New requirements published by the People’s Bank of China (PBOC) on Friday stoked concern that the government is imposing capital controls in a disguised form, Xinhua reported late on Sunday.
“It is not capital control at all,” Ma Jun (馬駿), chief economist of the central bank’s research bureau, told the state-run news service.
The US$50,000 annual foreign exchange purchase quota for individuals is unchanged, and the rules would not affect normal activities such as business investment and operations abroad or overseas travel and study, Ma said.
Ma’s comments follow the annual Jan. 1 reset of the US$50,000 limit for individuals, which might potentially aggravate capital outflow pressures that have been intensifying after the yuan suffered its steepest annual slump in more than two decades.
The People’s Bank of China on Friday said it would tighten rules for banks to report cross-border customer transactions starting July 1 as part of stepped-up efforts to curb money laundering and prevent terrorism financing.

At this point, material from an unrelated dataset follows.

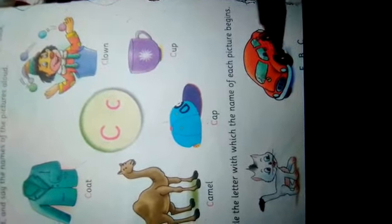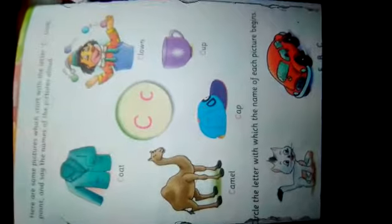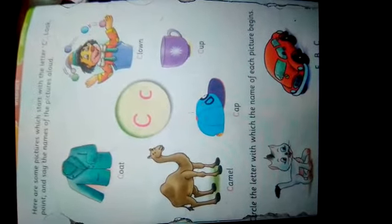Look at each picture, identify the beginning letter, and put the circle around it. Thank you.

Financial institutions would assume responsibility for reporting and there would be neither extra documentation nor official approval procedures for businesses and individuals, Ma said.

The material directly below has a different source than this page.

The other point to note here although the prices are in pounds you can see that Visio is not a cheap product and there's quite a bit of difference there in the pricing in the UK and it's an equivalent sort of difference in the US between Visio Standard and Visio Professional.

The PBOC on Friday said it is to require financial institutions to report any cross-border transfers of 200,000 yuan (US$28,779). Officials say they want more timely data on individuals to track risks arising from increasing cross-border transfers, according to a statement.
Middle-class and wealthy Chinese have been converting money into other currencies to protect against devaluation, putting downward pressure on the yuan.
The currency started last year by roiling global markets, with a weaker-than-expected fixings in January creating panic about currency policy and spurring outflows, and finished the year near an eight-year low.
China’s foreign reserves, the world’s largest stockpile, fell to a five-year low of US$3.05 trillion as of November last year. The US$99 billion drop in January, the largest last year, followed the last reset of the quotas.
Data scheduled for release on Saturday would show the hoard fell to US$3.01 trillion, according to the median estimate of economists surveyed by Bloomberg.